=== Section Start ===

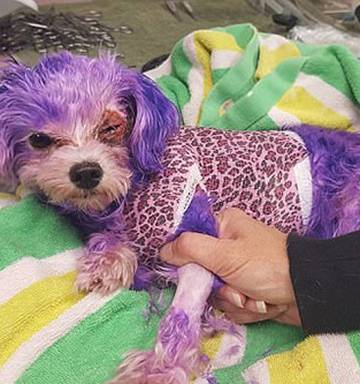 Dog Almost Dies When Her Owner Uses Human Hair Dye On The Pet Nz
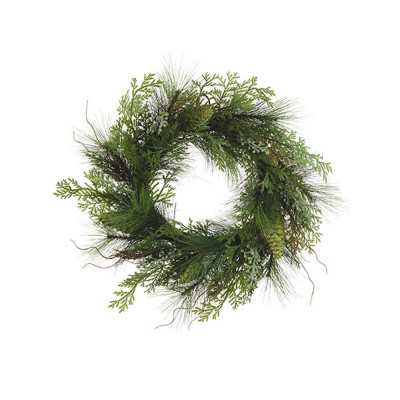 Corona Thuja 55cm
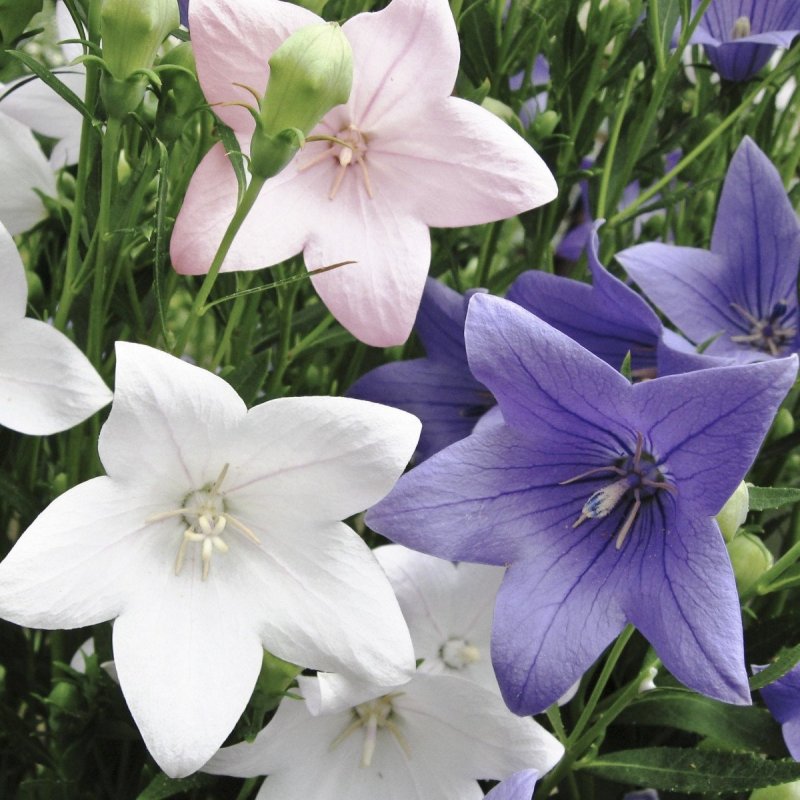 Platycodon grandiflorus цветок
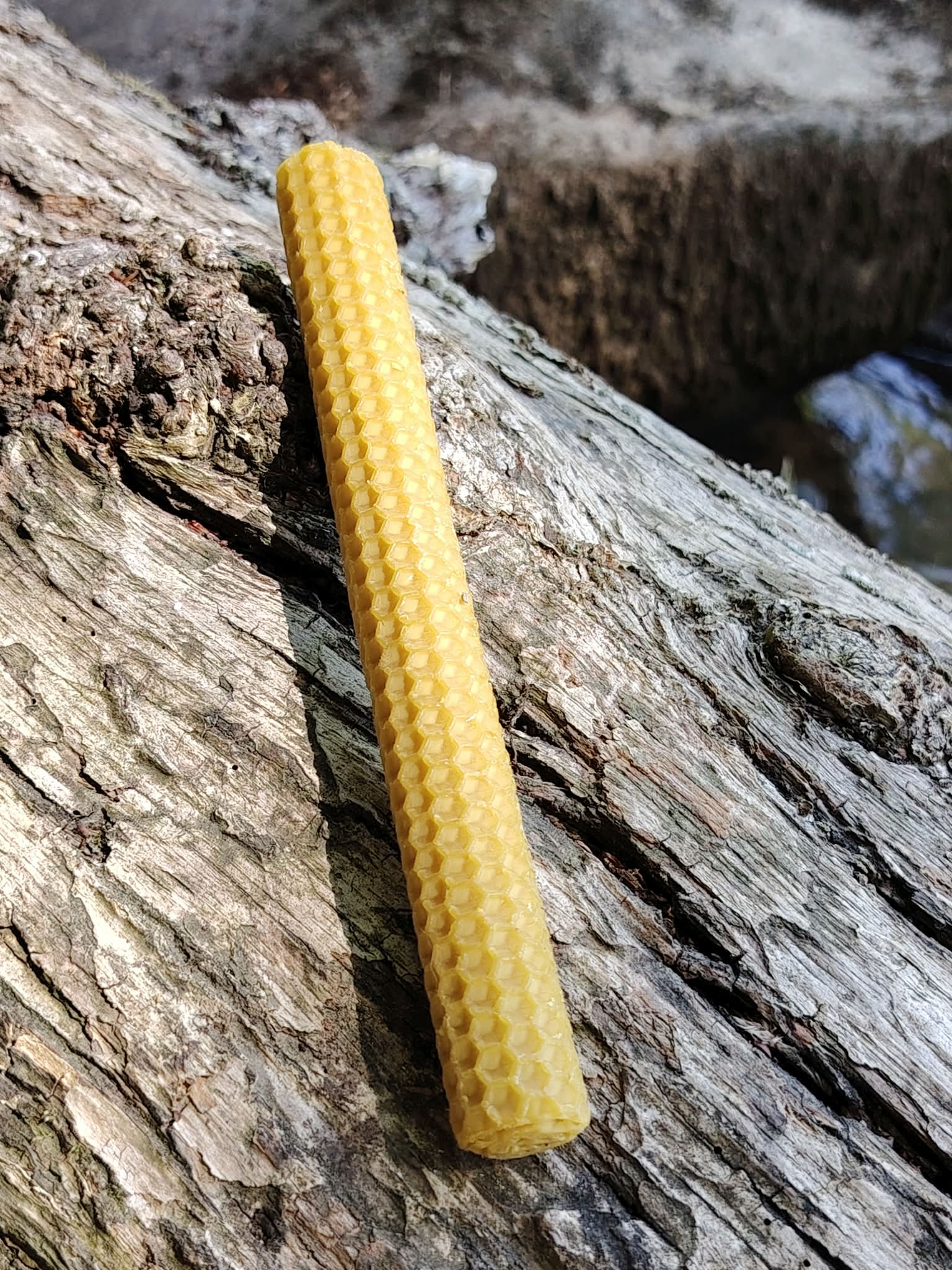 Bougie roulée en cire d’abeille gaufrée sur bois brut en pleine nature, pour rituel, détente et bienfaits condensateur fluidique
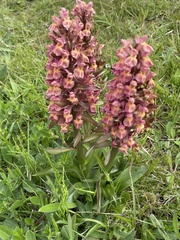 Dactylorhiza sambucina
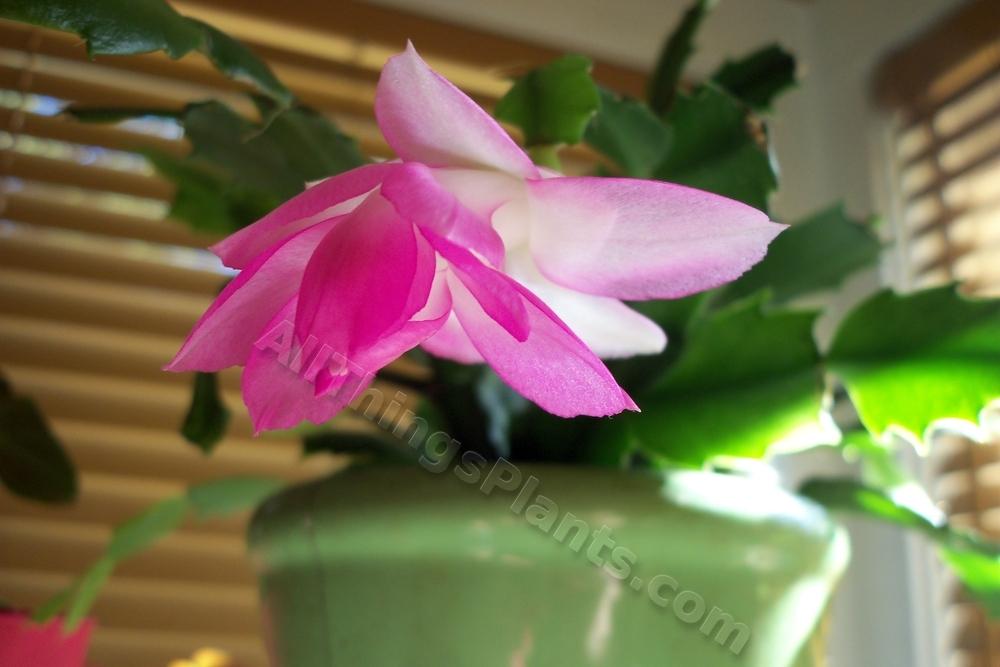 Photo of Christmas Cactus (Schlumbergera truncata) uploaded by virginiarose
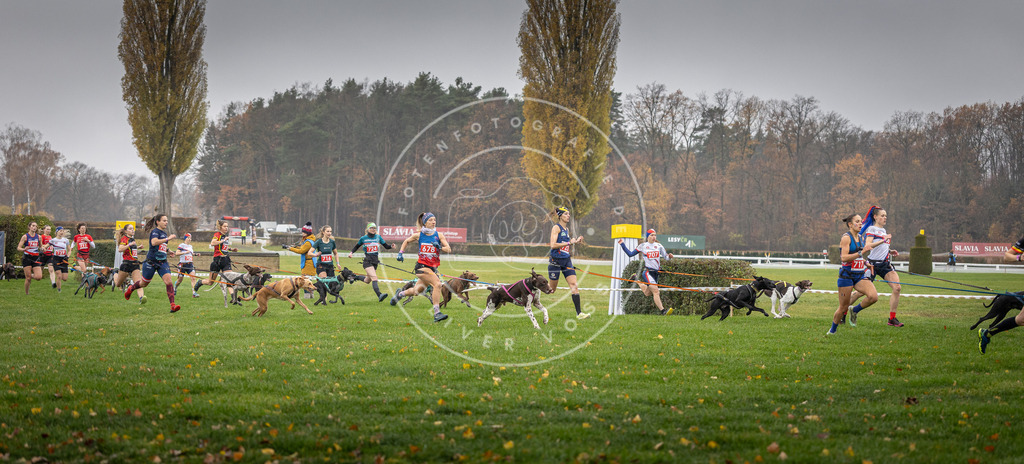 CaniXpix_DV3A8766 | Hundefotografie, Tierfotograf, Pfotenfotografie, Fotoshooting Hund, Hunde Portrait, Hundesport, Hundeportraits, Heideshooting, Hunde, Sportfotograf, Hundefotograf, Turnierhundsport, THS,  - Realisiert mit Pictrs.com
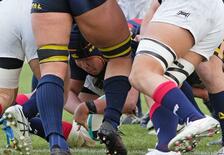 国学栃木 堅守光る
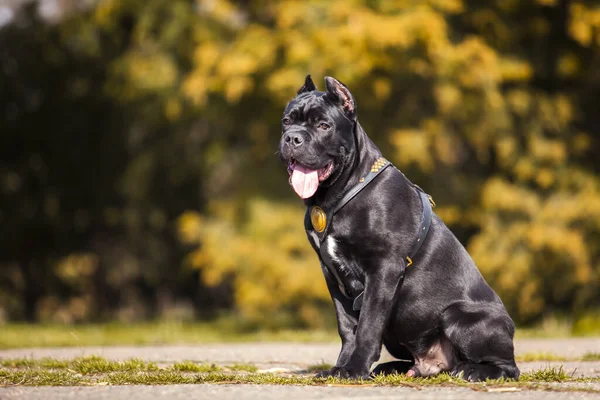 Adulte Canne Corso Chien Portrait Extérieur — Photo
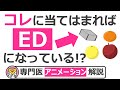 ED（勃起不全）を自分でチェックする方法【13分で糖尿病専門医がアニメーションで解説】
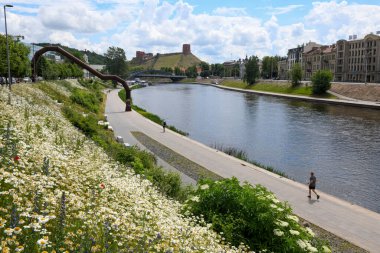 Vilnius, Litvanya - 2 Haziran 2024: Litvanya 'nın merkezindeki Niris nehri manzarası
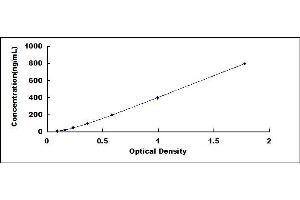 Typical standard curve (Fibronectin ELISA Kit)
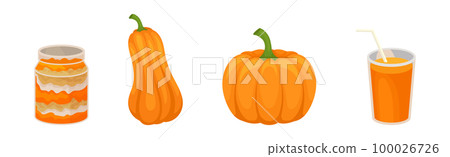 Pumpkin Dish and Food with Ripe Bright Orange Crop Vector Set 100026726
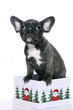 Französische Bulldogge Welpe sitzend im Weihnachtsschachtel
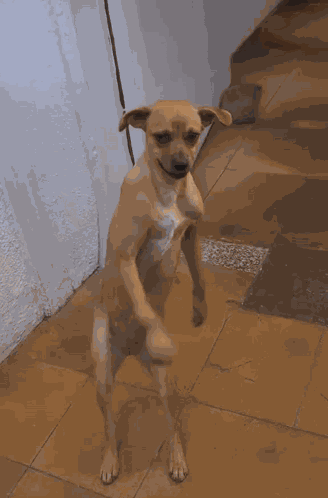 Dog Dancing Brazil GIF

=== Section End ===

- YOUR TASK -
Reproduce the entries exactly, from the line with "ED（勃起不全）を自分でチェ" to the line with "Pumpkin Dish and", both lines included, keeping no pictures.

- OUTPUT OF THE EXERCISE -
 ED（勃起不全）を自分でチェックする方法【13分で糖尿病専門医がアニメーションで解説】
 Vilnius, Litvanya - 2 Haziran 2024: Litvanya 'nın merkezindeki Niris nehri manzarası
 Typical standard curve (Fibronectin ELISA Kit)
 Pumpkin Dish and Food with Ripe Bright Orange Crop Vector Set 100026726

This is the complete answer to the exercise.